The maximum semaphores per semaphore set.
A system-wide limit on the number of semaphores in all semaphore sets.
The maximum number of operations that may be specified in a semop(2) call.
A system-wide limit on the maximum number of semaphore identifiers.
/proc/sys/kernel/sg-big-buff
This file shows the size of the generic SCSI device (sg) buffer. You can't tune it just yet, but you could change it at compile time by editing include/scsi/sg.h and changing the value of SG_BIG_BUFF. However, there shouldn't be any reason to change this value.
/proc/sys/kernel/shm_rmid_forced (since Linux 3.1)
If this file is set to 1, all System V shared memory segments will be marked for destruction as soon as the number of attached processes falls to zero; in other words, it is no longer possible to create shared memory segments that exist independently of any attached process.
The effect is as though a shmctl(2) IPC_RMID is performed on all existing segments as well as all segments created in the future (until this file is reset to 0). Note that existing segments that are attached to no process will be immediately destroyed when this file is set to 1. Setting this option will also destroy segments that were created, but never attached, upon termination of the process that created the segment with shmget(2).
Setting this file to 1 provides a way of ensuring that all System V shared memory segments are counted against the resource usage and resource limits (see the description of RLIMIT_AS in getrlimit(2)) of at least one process.
Because setting this file to 1 produces behavior that is nonstandard and could also break existing applications, the default value in this file is 0. Set this file to 1 only if you have a good understanding of the semantics of the applications using System V shared memory on your system.
/proc/sys/kernel/shmall (since Linux 2.2)
This file contains the system-wide limit on the total number of pages of System V shared memory.
/proc/sys/kernel/shmmax (since Linux 2.2)
This file can be used to query and set the run-time limit on the maximum (System V IPC) shared memory segment size that can be created.
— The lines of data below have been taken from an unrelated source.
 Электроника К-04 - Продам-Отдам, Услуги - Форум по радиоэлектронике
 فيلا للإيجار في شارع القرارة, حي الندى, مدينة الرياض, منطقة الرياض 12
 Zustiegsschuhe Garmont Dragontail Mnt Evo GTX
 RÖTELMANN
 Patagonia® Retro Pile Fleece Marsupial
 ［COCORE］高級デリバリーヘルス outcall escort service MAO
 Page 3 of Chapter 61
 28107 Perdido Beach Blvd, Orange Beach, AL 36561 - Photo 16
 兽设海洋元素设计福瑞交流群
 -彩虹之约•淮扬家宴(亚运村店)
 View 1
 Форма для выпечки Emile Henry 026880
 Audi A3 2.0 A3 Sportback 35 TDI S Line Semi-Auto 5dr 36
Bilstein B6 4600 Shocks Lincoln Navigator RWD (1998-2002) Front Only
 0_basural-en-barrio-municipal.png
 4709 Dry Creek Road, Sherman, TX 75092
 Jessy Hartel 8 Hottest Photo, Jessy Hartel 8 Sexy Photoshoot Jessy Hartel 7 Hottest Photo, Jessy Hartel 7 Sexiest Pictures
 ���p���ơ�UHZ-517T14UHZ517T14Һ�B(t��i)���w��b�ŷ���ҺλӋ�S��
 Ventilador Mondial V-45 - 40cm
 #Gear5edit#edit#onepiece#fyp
Shared memory segments up to 1 GB are now supported in the kernel. This value defaults to SHMMAX.
/proc/sys/kernel/shmmni (since Linux 2.4)
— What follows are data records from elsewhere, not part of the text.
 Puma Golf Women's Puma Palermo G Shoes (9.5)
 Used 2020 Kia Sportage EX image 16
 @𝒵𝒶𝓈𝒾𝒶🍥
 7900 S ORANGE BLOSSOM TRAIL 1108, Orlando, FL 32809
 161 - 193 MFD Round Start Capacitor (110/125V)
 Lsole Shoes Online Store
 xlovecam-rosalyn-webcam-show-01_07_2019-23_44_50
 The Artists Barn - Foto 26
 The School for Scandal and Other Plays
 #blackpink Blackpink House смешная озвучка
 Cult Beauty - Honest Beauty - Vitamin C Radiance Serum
This file specifies the system-wide maximum number of System V shared memory segments that can be created.
/proc/sys/kernel/sysctl_writes_strict (since Linux 3.16)
The value in this file determines how the file offset affects the behavior of updating entries in files under /proc/sys. The file has three possible values:
-1
This provides legacy handling, with no printk warnings. Each write(2) must fully contain the value to be written, and multiple writes on the same file descriptor will overwrite the entire value, regardless of the file position.
0
(default) This provides the same behavior as for -1, but printk warnings are written for processes that perform writes when the file offset is not 0.
1
Respect the file offset when writing strings into /proc/sys files. Multiple writes will append to the value buffer. Anything written beyond the maximum length of the value buffer will be ignored. Writes to numeric /proc/sys entries must always be at file offset 0 and the value must be fully contained in the buffer provided to write(2).
/proc/sys/kernel/sysrq
This file controls the functions allowed to be invoked by the SysRq key. By default, the file contains 1 meaning that every possible SysRq request is allowed (in older kernel versions, SysRq was disabled by default, and you were required to specifically enable it at run-time, but this is not the case any more). Possible values in this file are:
0
Disable sysrq completely
1
Enable all functions of sysrq
> 1
Bit mask of allowed sysrq functions, as follows:
  2
Enable control of console logging level
  4
Enable control of keyboard (SAK, unraw)
  8
Enable debugging dumps of processes etc.
 16
Enable sync command
 32
Enable remount read-only
 64
Enable signaling of processes (term, kill, oom-kill)
128
Allow reboot/poweroff
256
Allow nicing of all real-time tasks
This file is present only if the CONFIG_MAGIC_SYSRQ kernel configuration option is enabled. For further details see the Linux kernel source file Documentation/admin-guide/sysrq.rst (or Documentation/sysrq.txt before Linux 4.10).
/proc/sys/kernel/version
This file contains a string such as:

#5 Wed Feb 25 21:49:24 MET 1998
    

The "#5" means that this is the fifth kernel built from this source base and the date following it indicates the time the kernel was built.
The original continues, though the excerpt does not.